James, Second Earl of Douglas

James Douglas was the eldest son and heir of William Douglas, 1st Earl of Douglas and Margaret, Countess of Mar. By the time his father had made over lands in Liddesdale to him in 1380, he had been knighted, being known as Sir James Douglas of Liddesdale.[2] Earlier his father had been in dispute with King Robert over the latter’s succession to King David II, but returned to royal favour by concluding a marriage contract between his son and the Princess Isabel, thus binding the Douglas family close to the throne.

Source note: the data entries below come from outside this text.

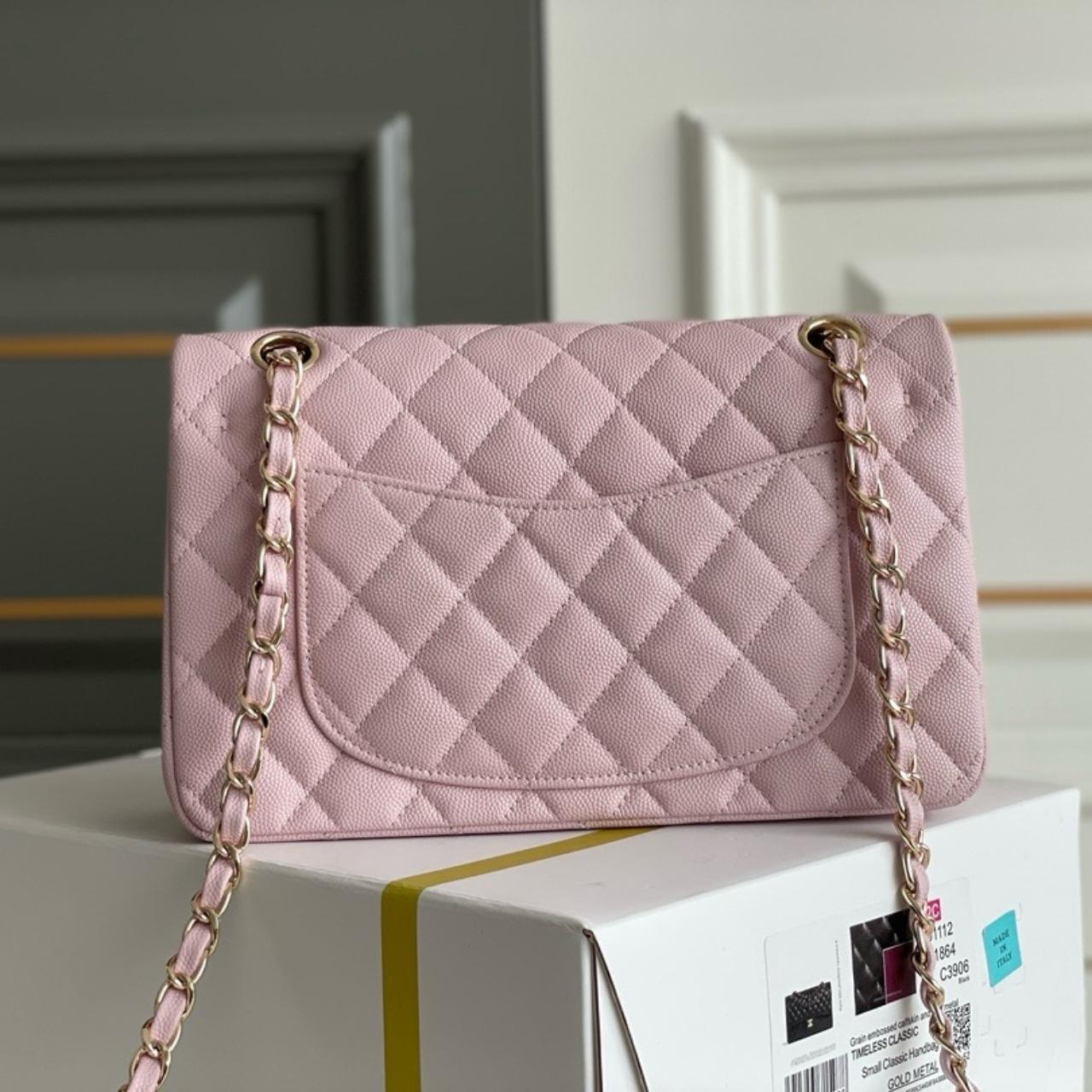 CC SMALL 23 FLAP BAG IN LIGHT PINK CALFSKIN/CAVIAR GOLD HARDWARE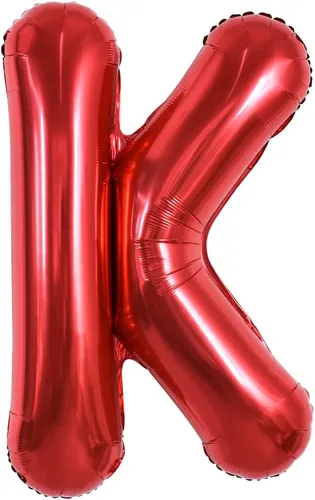TONIFUL Globos de Letras Rojas Brillantes Grandes de 40 Pulgadas A-Z, Globos Gigantes Jumbo de Helio de Papel de Aluminio Mylar Letra K Grande para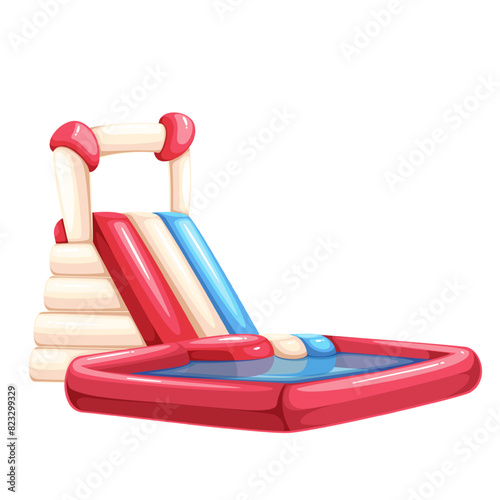Inflated water slide for baby kids with cartoon square pool. Inflatable slide made of white, red and blue sticks, summer activity and games mascot, cartoon aqua party equipment vector illustration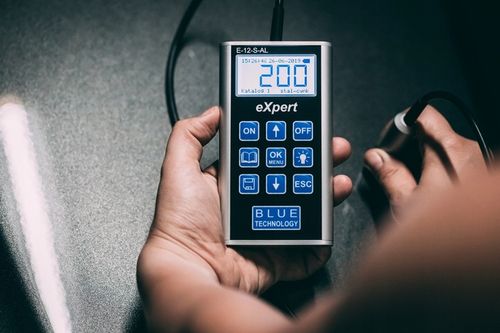 Miernik grubości lakieru Czujnik Tester E-12-S-AL Stal Aluminium Ocynk PRO na Arena.pl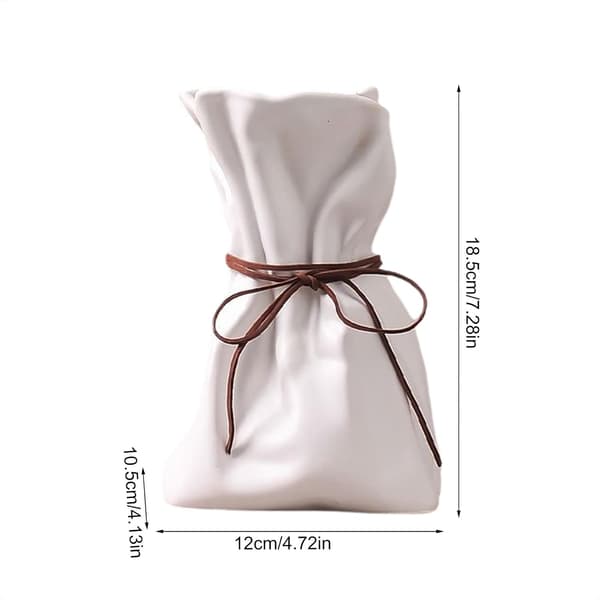 Plisserad Keramikvas Papperspåse - Modern Hem Bröllopsinredning Stor Vit White 18*12*11cmm
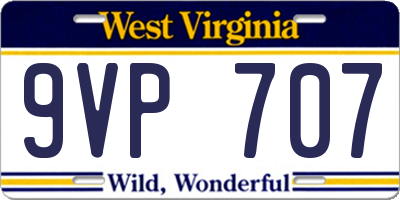 WV license plate 9VP707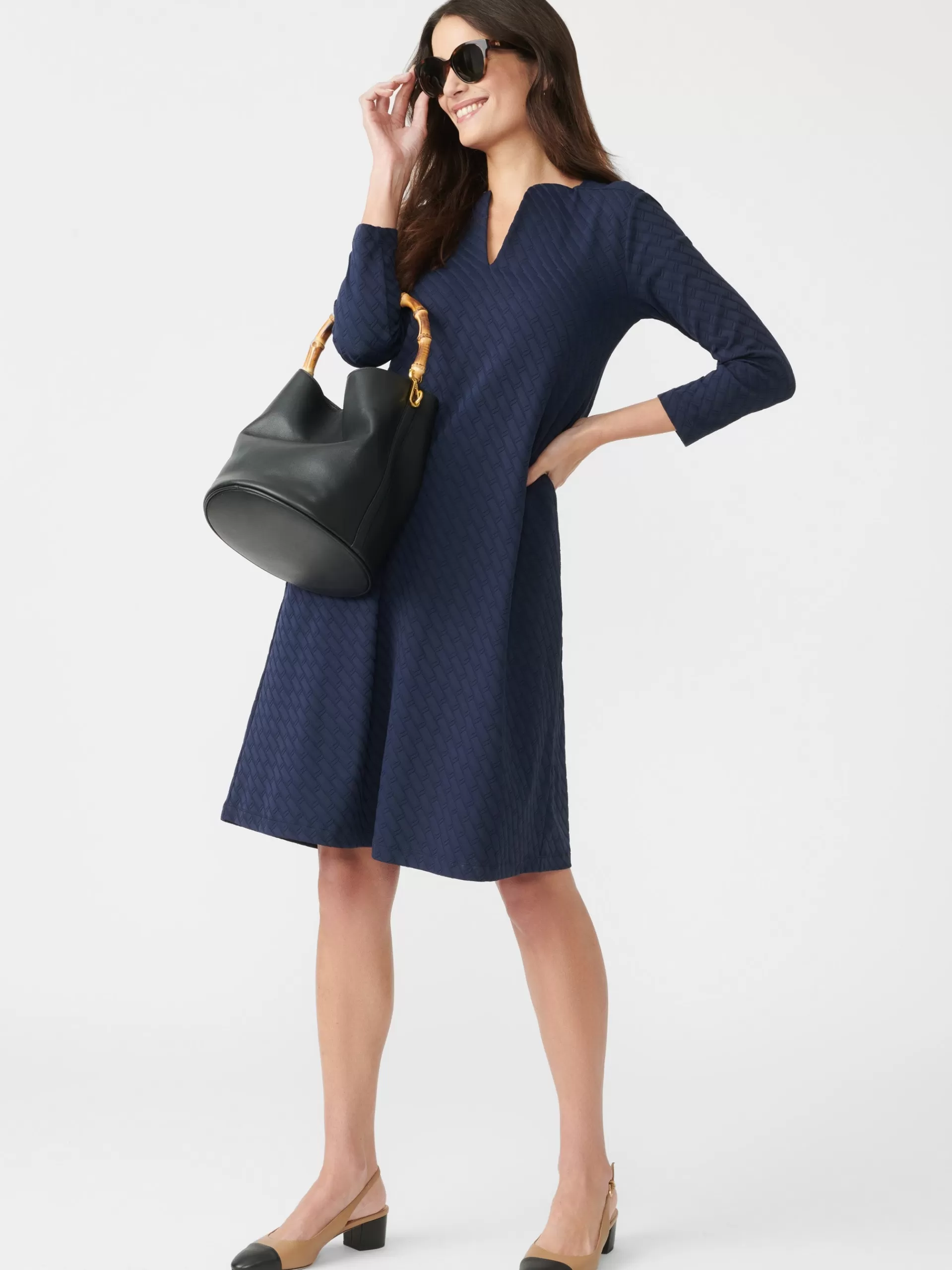 Clearance J. McLaughlin Octavia Dress In Fernwood Geo Jacquard Navy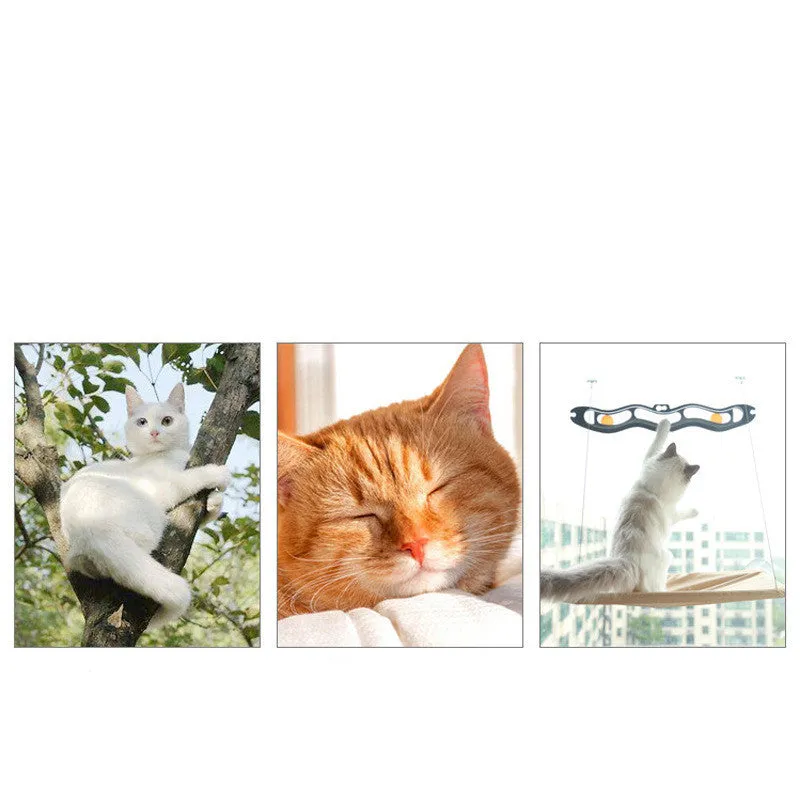 Pet Litter Sucker Hanging Cat Window Hammock /  Hamaca colgante para ventana para gatos con ventosa para arena de mascotas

In May 1384, the 1st Earl of Douglas died from a fever, and his son inherited. Around the same time a French embassy arrived in Scotland to negotiate a truce between the Franco-Scots Allies and England. While deliberations were taking place in Edinburgh, a further party of French knights arrived at Montrose. These adventurers led by Geoffroi de Charny, sent word to the court at Edinburgh, from Perth where they had marched to, in which they offered their services against the English. The new Earl of Douglas, and Sir David Lindsay mustered their men and joined forces with the French knights. They then led a raid into England where they ravaged lands belonging to the Percy Earl of Northumberland, and the Mowbray Earl of Nottingham. While this Chevauchée was happening, the Scots agreed to the tripartite truce on 7 July which was to last until May the following year. De Charny and his knights returned to France but promised to Douglas that they would return as soon as possible.

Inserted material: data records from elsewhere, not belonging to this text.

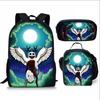 Cool Girls Printing Anime 3Pcs/Set Daily Pack Pupil School Carry Carrier Kid Sweet Outing Backpack Children Birthday Gift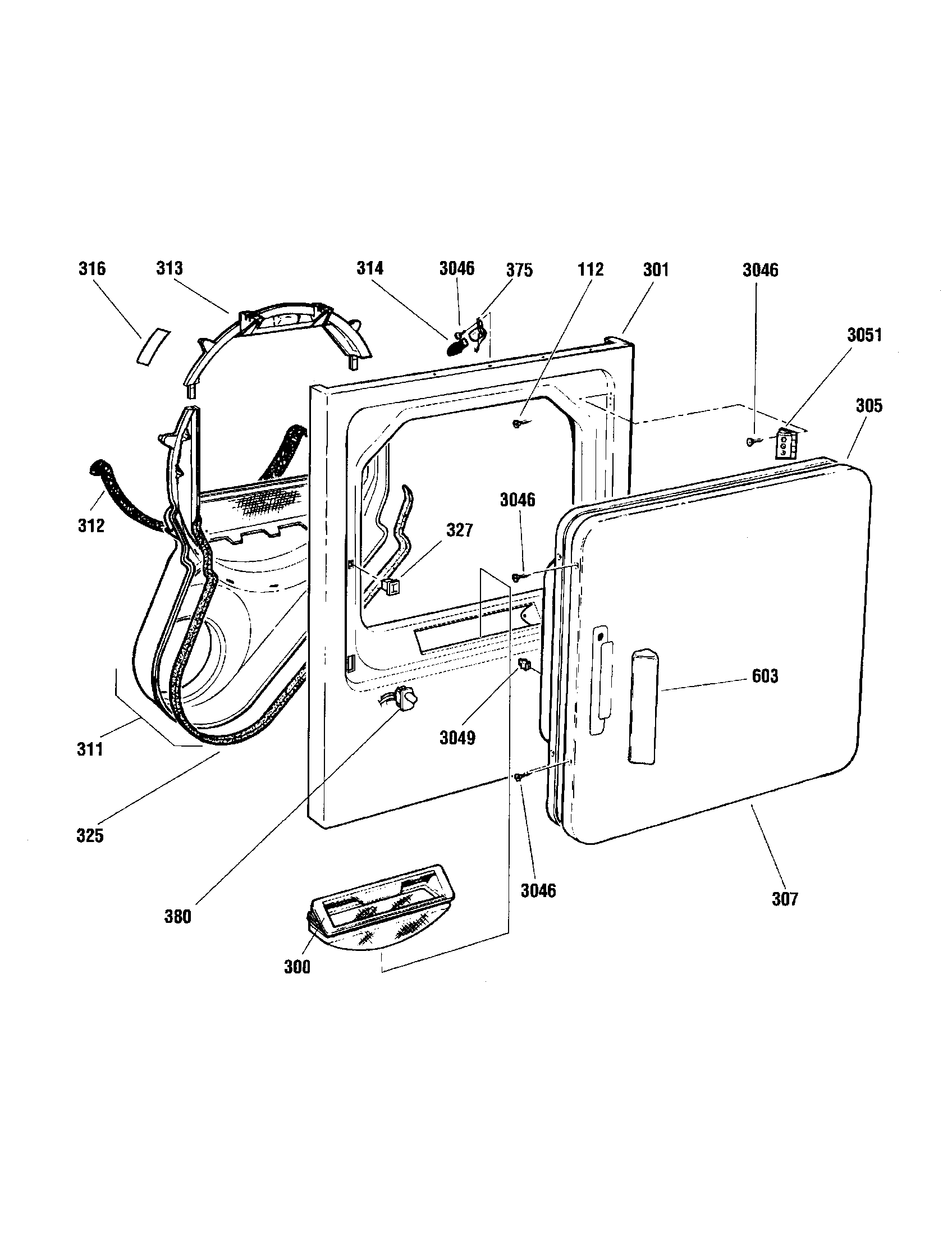 Fisher & Paykel DE09-US0 door/front panel diagram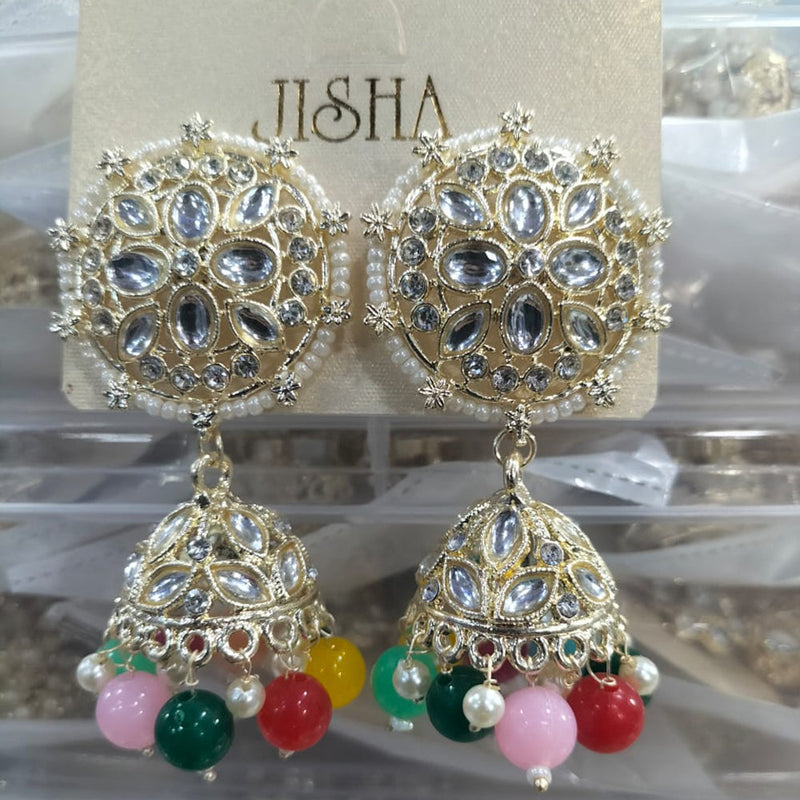 Manisha Jewellery Gold Plated Austrain Stone  Jhumki Earrings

In 1385 when the truce expired, Douglas made war on the English. The French were as good as their word and had previously arrived at Leith with a contingent of Chivalry, armour and monies. The French under Jean de Vienne, Admiral of France joined forces with the Scots. Finding that the army of Richard II of England was numerically superior to the Franco-Scots, Douglas allowed the English to advance to Edinburgh, wisely refusing battle, the English army destroyed the Abbies of Melrose, Newbattle and Dryburgh, as well as burning the burgh of Haddington and the capital itself. Douglas contented himself with a destructive counter-raid on Carlisle and Durham, leading the French, and the men of Galloway, under his cousin Archibald the Grim. Disputes soon arose between the allies, and the French returned home at the end of the year.

1386 saw squabbling between the Earl of Northumberland, and John Neville, 3rd Baron Neville de Raby over the wardenship of the Eastern March. Roger de Clifford, 5th Baron de Clifford, the warden of the Western March, was engaged to keep the peace between the rivals. While Clifford was away from his duties in the west, Douglas accompanied by the Earl of Fife led a force deep into Cumberland, and raided and burnt the town of Cockermouth.

Invasion of England
In 1388 Richard II had domestic troubles with his recalcitrant barons and was occupied far to the south, and the time seemed right for invasion to avenge the destruction of 1385.

The Scots, following an agreement made between the nobility at Aberdeen, mustered at Jedburgh in August, including the levies of the earls of Fife, March, Moray and those of Archibald the Grim. Upon finding from an English spy, that the English warden Percy was aware of the muster, and was planning a counter strike, the Scots command decided to split the army, with Fife leading the main body into Cumberland, while a smaller mounted force under Douglas was to go east and despoil Northumberland.

Douglas’ force entered England through Redesdale and proceeded south to Brancepeth laying waste to the countryside. From there the turned east to encircle Newcastle.

Newcastle was held by Northumberland’s sons, Sir Henry Percy, known as “Hotspur”, and his brother Sir Ralph Percy. Northumberland himself remained at Alnwick Castle, hoping to outflank Douglas should he attempt to return to Scotland.

The Scots, without the siege equipment to invest the Castle, encamped around it. The week that followed saw constant skirmishes and challenges to single combat between the two sides, that culminated when Douglas challenged Hotspur to a duel. In the ensuing joust Douglas successfully felled Hotspur and was able to capture his pennon. According to Froissart, Douglas announced that he would “carry [the pennon] to Scotland and hoist it on my tower, where it may be seen from afar”, to which Hotspur retorted “By God! You will never leave Northumberland alive with that.”

The following day the Scots struck camp and marched to Ponteland where they destroyed its castle, and then on to Otterburn just 30 miles from Newcastle, Douglas appeared to be tarrying to see whether Hotspur would react.

Douglas chose his encampment in a wood with an eye to protect his force from English archery. But on the evening of the 5 August, the Percies surprised the Scots and a bloody moonlit battle ensued. Douglas was mortally wounded during the fight, but because of the confusion of fighting in darkness this fact was not transmitted to his men who carried on the battle. Froissart gives account in detail of the various individuals wounded, captured or killed, but what is known is that the Scots won the encounter taking Hotspur and many others prisoner. Douglas’ body was found on the field the following day. The Scots, albeit saddened by the loss of their leader, were heartened enough by the victory, to frighten off English reinforcements led by Walter Skirlaw, the Bishop of Durham the following day.

Douglas’ body was then removed back across the Border and he was interred at Melrose Abbey.